Making vegetable pasta with the kids is a perfect Sunday activity – just like making playdough, except you can eat it
IN the last 12 months the US has been going bonkers – for flavoured pastas, that is. Maybe it was the influence of top chef Daniel Humm, who served parsley pasta at New York’s Nomad restaurant. Or perhaps it’s the general elevation of vegetables. But, once considered uber-daggy, coloured pasta is now beyond fashionable. Here are some ideas to get you started – and, best of all, given that these are rustic pastas you don’t even need a pasta maker!
This is a fun and easy Sunday project to do with the kids. Plus, think of how much more pride and enthusiasm they’ll have when served a bowl of their own homemade pasta instead of the usual jaffle or Sunday night soup.

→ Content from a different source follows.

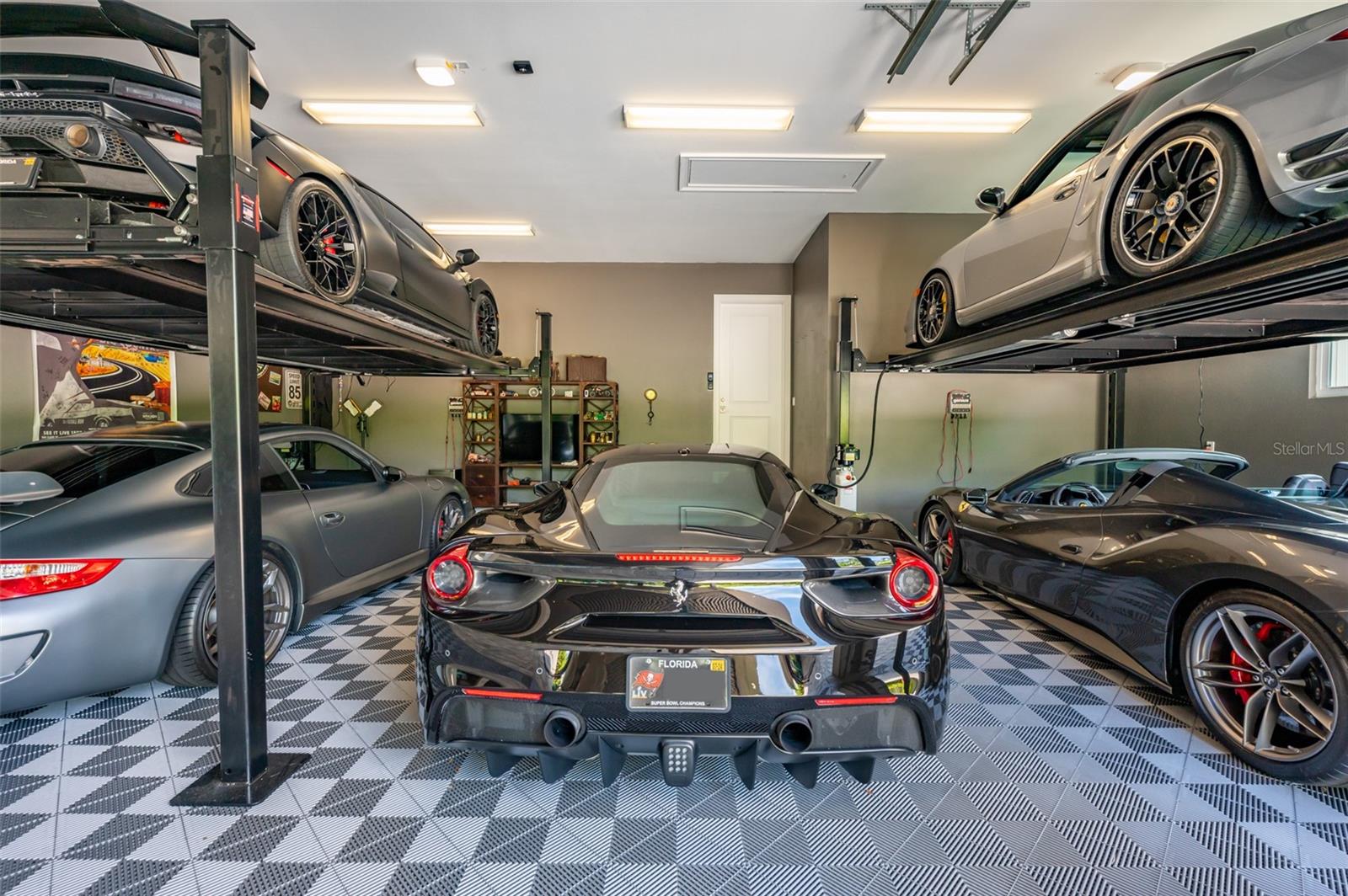 ACREAGE & UNREC - Residential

Even better, they are eating and appreciating vegetables while still remaining on-trend with something that is totally Instagram-able, Boomerang-able or Snapchat-able.
NOMAD’S PARSLEY PASTA
Puree 165g parsley leaves with 130g ice water. Sieve in 300g Tipo “00” flour and 4g salt. Knead, cover in plastic wrap and leave overnight. Roll thin and cut into strips. Cook in loads of boiling water and remove once the pasta floats. Do this in batches to help stop it sticking. The pasta cooks in a minute, so watch it and have everything ready before you start.
Humm serves this pasta with golden garlic slices and pipis cooked in white wine, finished with a dollop of mascarpone. You could serve it with roast, grilled or steamed fish and maybe some zoodles (spiralised zucchini noodles) as a bit of a gag about this whole vegetable spaghetti thing.

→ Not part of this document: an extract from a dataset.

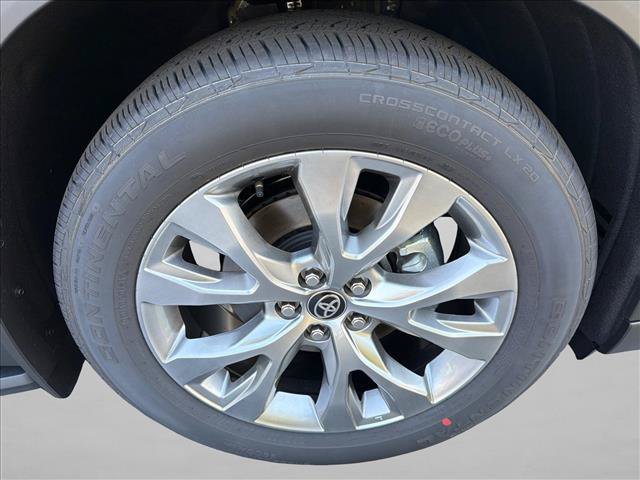 Used 2026 Toyota Grand Highlander FWD image 12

Blend 200g raw spinach. Work the spinach puree into 300g “00” flour using a dough hook on your stand mixer, or by hand. Do this until it is well combined and the gluten in the flour has been activated. You’ll know this has happened when the dough feels a little bouncy and elastic. Add more flour if it feels sticky. Cover in plastic wrap and rest in the fridge for at least 30 minutes.
Roll the rested and chilled dough into a couple of long, skinny, flattened sausages about as thick as your thumb (but much, much longer). Cut each length into 1cm-long slices and roll each slice across the floured kitchen bench, away from you, with the heel of your hand to create long, skinny, green bean-shaped lengths. Place on a paper-lined baking sheet.

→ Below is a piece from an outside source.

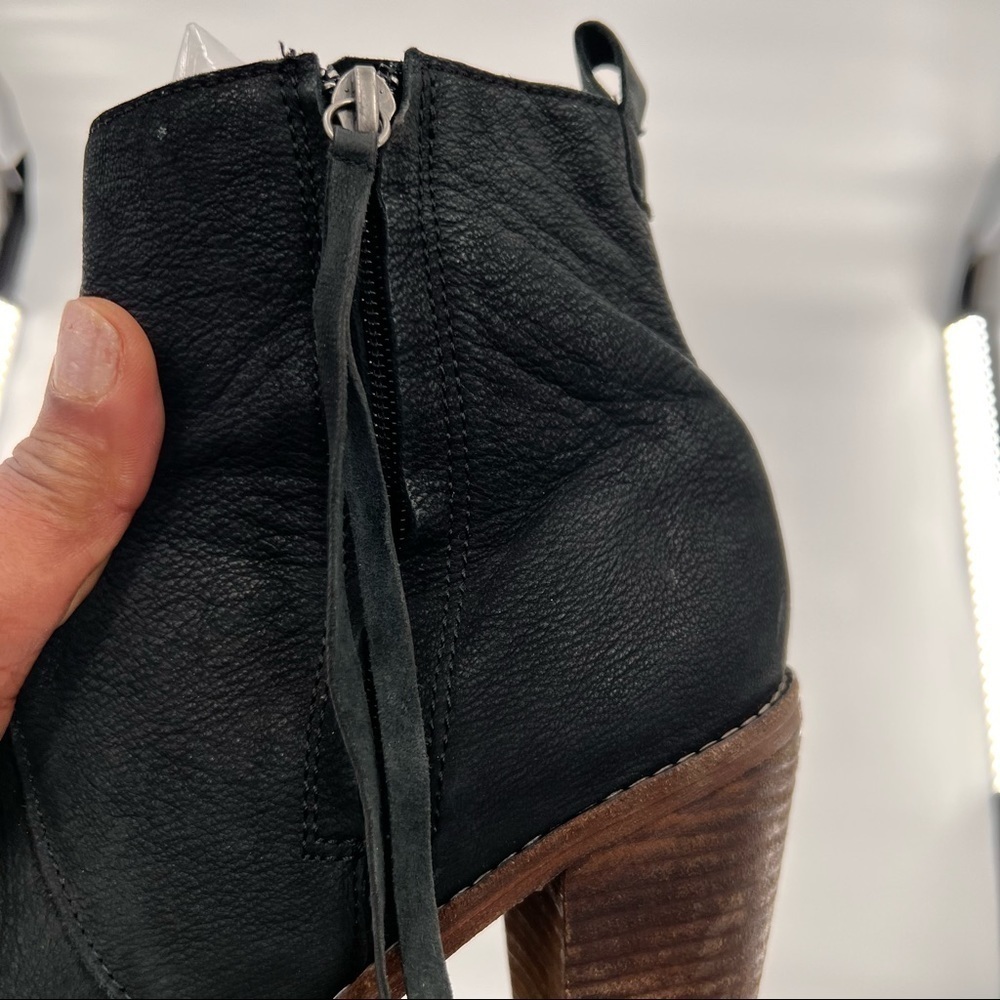 Dolce Vita black suede leather boots shoes 8 - Picture 7 of 14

Cook these spinach pici in lots of boiling water. They will sink, so carefully jiggle the pot to stop them sticking to the bottom. Adjust the water to the barest simmer. Remove when they float and are cooked through.
Toss with 500g just-cooked green beans, softened chopped garlic, olive oil and a good splash of the pasta water. Serve with loads of finely grated parmesan. Add fresh herbs and ricotta or a couple of poached eggs to make it a more substantial meal.
You can cook the beans and the pici together in the same pot if you are confident with your timings.
Puree 250g cooked beetroot and mix in 300g flour and two egg yolks. Knead until elastic. Cover in plastic wrap and rest for at least half an hour.
Divide the pasta into four balls and roll each piece into a long, thin sausage. Cut into 1cm slices and pinch each with your (floured) thumb to create an ear shape that has a ridge around the top sides but is thinner at the bottom where you’ve applied pressure. Place on a paper-lined oven tray.
Cook in lots of well-salted, boiling water, removing the orecchiette when they float. Serve the pasta strewn with toasted and crushed hazelnuts, crumbled feta or ashed goat’s cheese, lemon zest and thyme leaves.
ROAST PUMPKIN PAPPARDELLE
Season 300g roasted and mashed pumpkin with grated nutmeg and salt. Knead with 400g flour, adding more if the dough is moist and sticky. When the dough is clean to touch, wrap in plastic and rest in the fridge for 30 minutes.
Split into four balls, roll out thin and cut into strips. Cook in boiling salted water for a minute or two. Serve thinner strips tossed with lemon brown butter, sage, currants and toasted pine nuts. Serve thicker ribbons with a lamb ragu topped with grated smoked cheddar, or pecorino if you are a purist.